# cramp (ajedrez)



## mercebri

Hola: ¿alguien conoce el equivalente exacto en castellano al término en inglés "cramp" del ajedrez?

En los diccionarios de ajedrez dice así:
*Cramp* 

*Definition*
A disadvantage in space that leads to a lack of mobility.

Quizá no sea un término específico del ajedrez. En algunos glosarios aparece, en otros no...


----------



## fuzzzylogix

Es como estar acorralado en la tabla.


----------



## javik

Se refiere a cuando tu oponente te encierra, es decir, avanza sus filas, lo que provoca que tus fichas tengan una menor movilidad, ya que cuanto más avancen las fichas del contrario (si están en una buena posición) menos libertad de movimientos tendrás.

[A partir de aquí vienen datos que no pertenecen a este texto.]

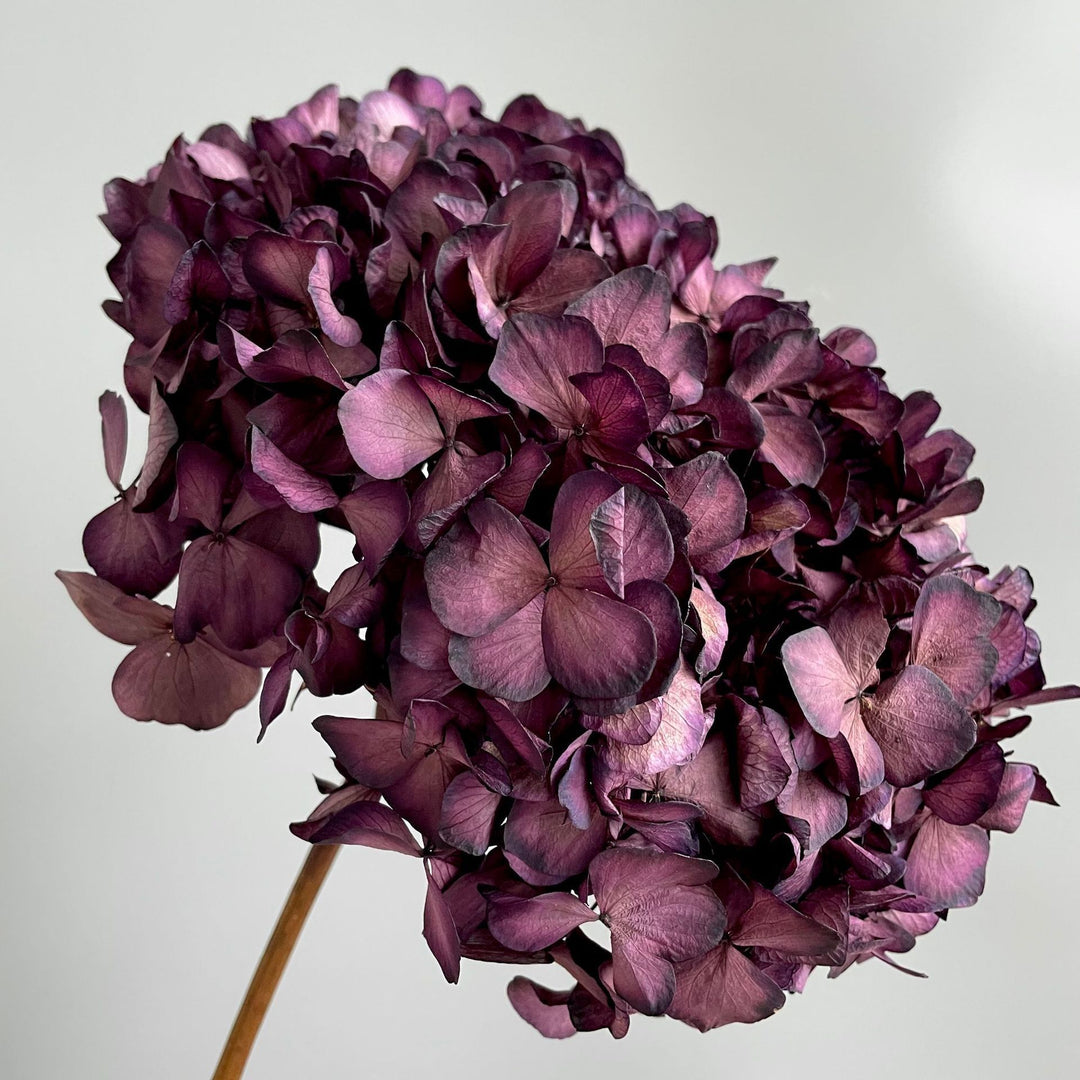 Exquisites Kunstblumenarrangement mit Hortensien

No creo que exista una traducción literal... pero podría ser *acorralamiento *o *encierro*


----------



## cenriquet

Quizás puede referirse a "perder la posición"


----------



## lpfr

Tal vez el término exista, pero no parece ser muy corriente. Por ejemplo, en este glosario, no aparece.


----------



## mercebri

Gracias. "Acorralamiento" me parece que puede funcionar.


----------



## Fantasmagórico

¿Puede ser "bloqueo"?
http://www.todoajedrez.com.ar/cursobasico/bloqueo.php
  Espera más opiniones.


----------



## rholt

*Cramp* 

*Definition*
A disadvantage in space that leads to a lack of mobility.

Mi intento:
-> Aprieto
Una desventaja en espacio que lleva a una falta de mobilidad.


----------



## bleu_bizance

Hola,

En realidad no hay un término técnico para español, pero el vocablo correcto es "restricción". El término acorralamiento no se usa en la jerga ajedrecística, es como decirle "obispo" al alfil o "Caballo a h7" en lugar de Ch7.

Saludos


----------



## bleu_bizance

Además no es "bloqueo", ese es un término para indicar la oclusión o cierre de "líneas" (conjuntos verticales, diagonales u horizontales de casillas del tablero de ajedrez) o la colocación de una pieza enemiga frente a un peón para que este no avance, regularmente otro peón o un caballo. Puedes consultar _Mi sistema o Die blokade _de Aaron Nimzowitsch para mayor información.


----------